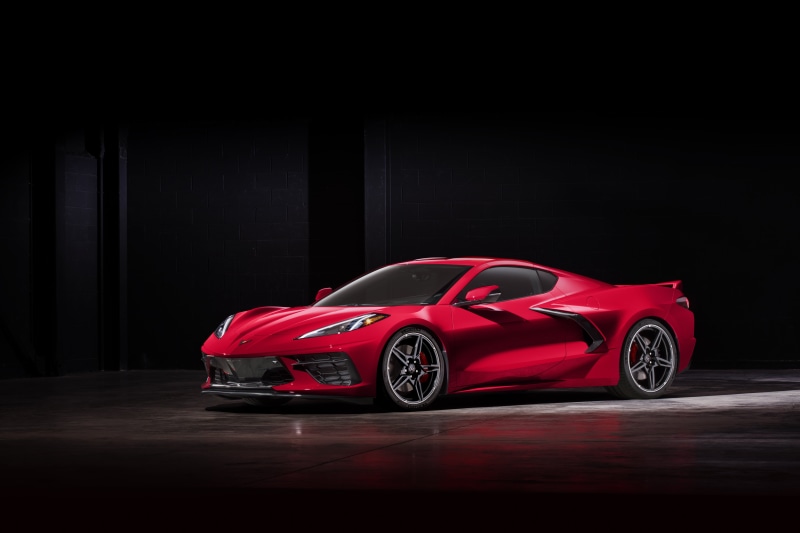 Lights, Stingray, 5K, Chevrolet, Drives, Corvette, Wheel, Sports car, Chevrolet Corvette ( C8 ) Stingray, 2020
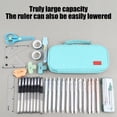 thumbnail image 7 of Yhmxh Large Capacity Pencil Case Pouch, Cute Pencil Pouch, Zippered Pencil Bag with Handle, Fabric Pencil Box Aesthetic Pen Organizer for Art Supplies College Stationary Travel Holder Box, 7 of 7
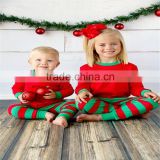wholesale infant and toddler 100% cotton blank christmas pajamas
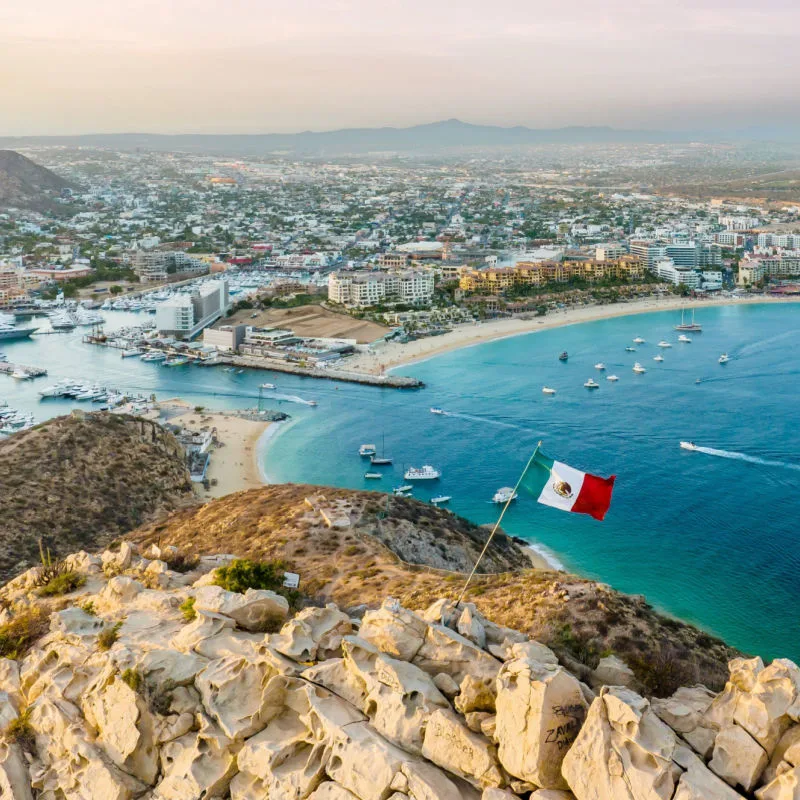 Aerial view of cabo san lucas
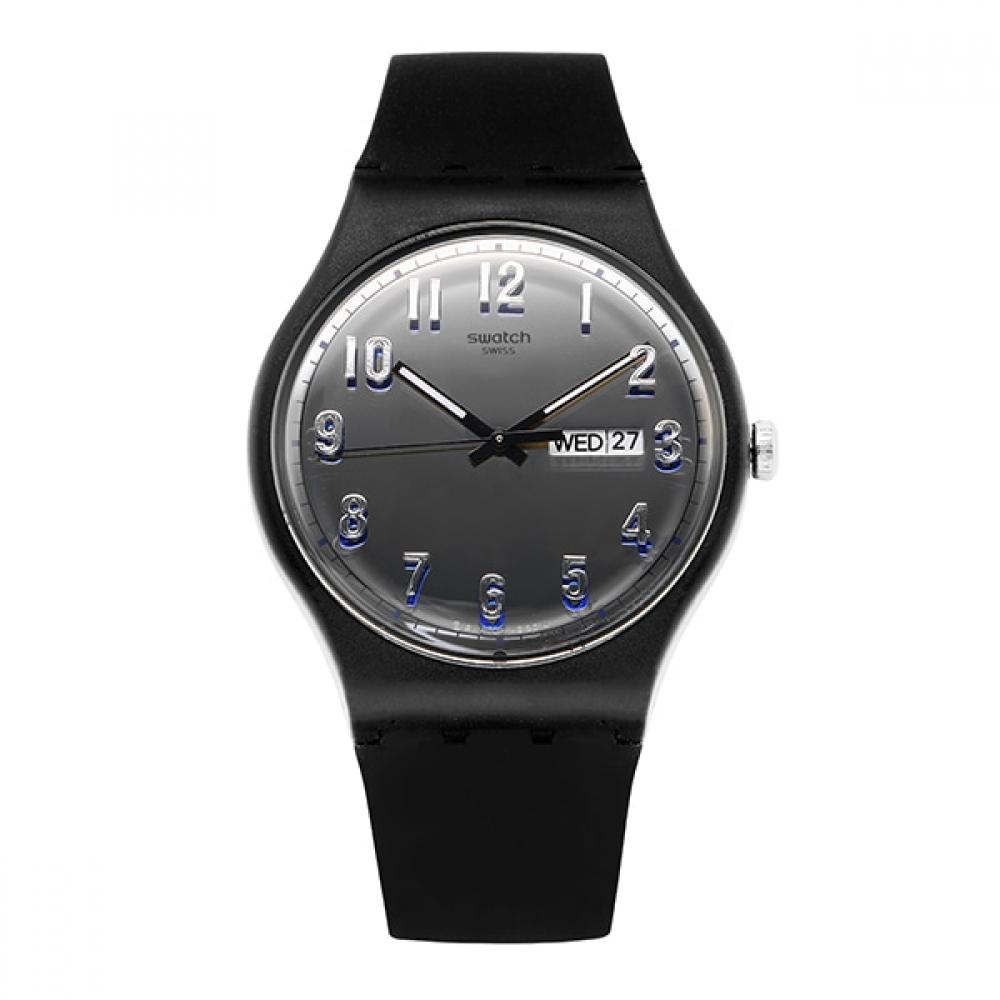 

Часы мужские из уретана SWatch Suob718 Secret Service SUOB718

...

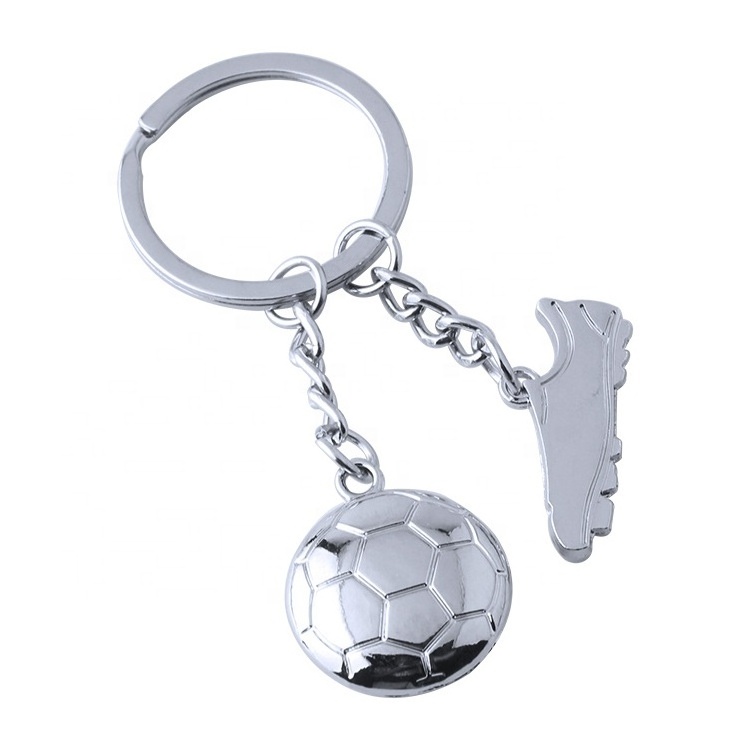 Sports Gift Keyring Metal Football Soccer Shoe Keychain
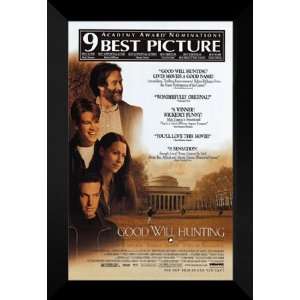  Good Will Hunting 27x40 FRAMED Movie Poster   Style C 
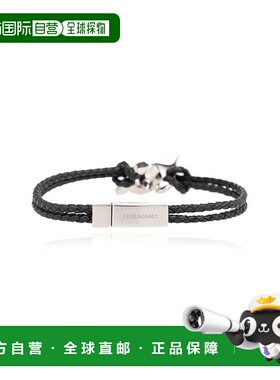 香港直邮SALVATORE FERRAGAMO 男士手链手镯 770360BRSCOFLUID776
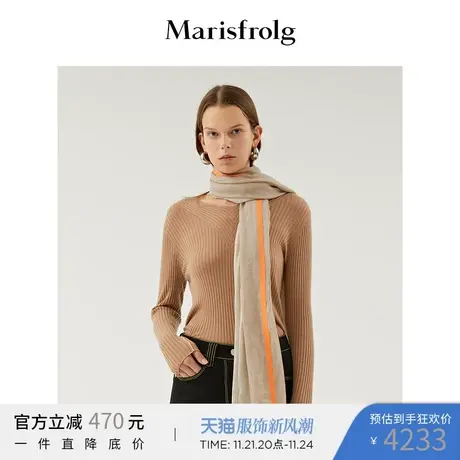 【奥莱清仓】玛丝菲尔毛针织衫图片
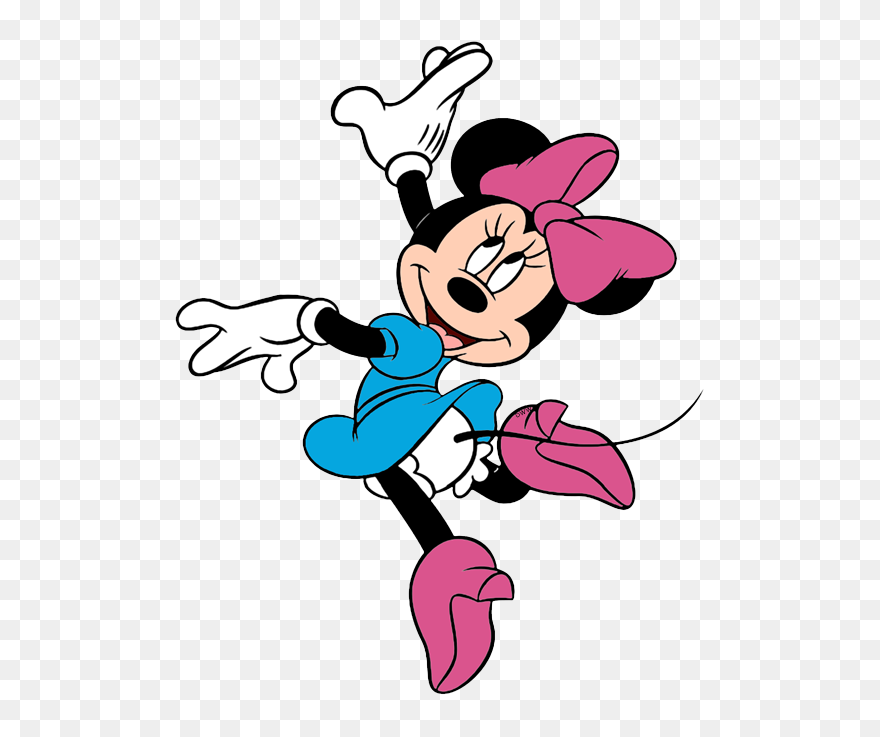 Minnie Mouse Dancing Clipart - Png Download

** Work task **
In the listing above, find the line containing "wholesale infant and" and the line containing "Часы мужские из", then return both of them and every line between, exactly, without pictures.

** Answer box **
wholesale infant and toddler 100% cotton blank christmas pajamas
 Aerial view of cabo san lucas

Часы мужские из уретана SWatch Suob718 Secret Service SUOB718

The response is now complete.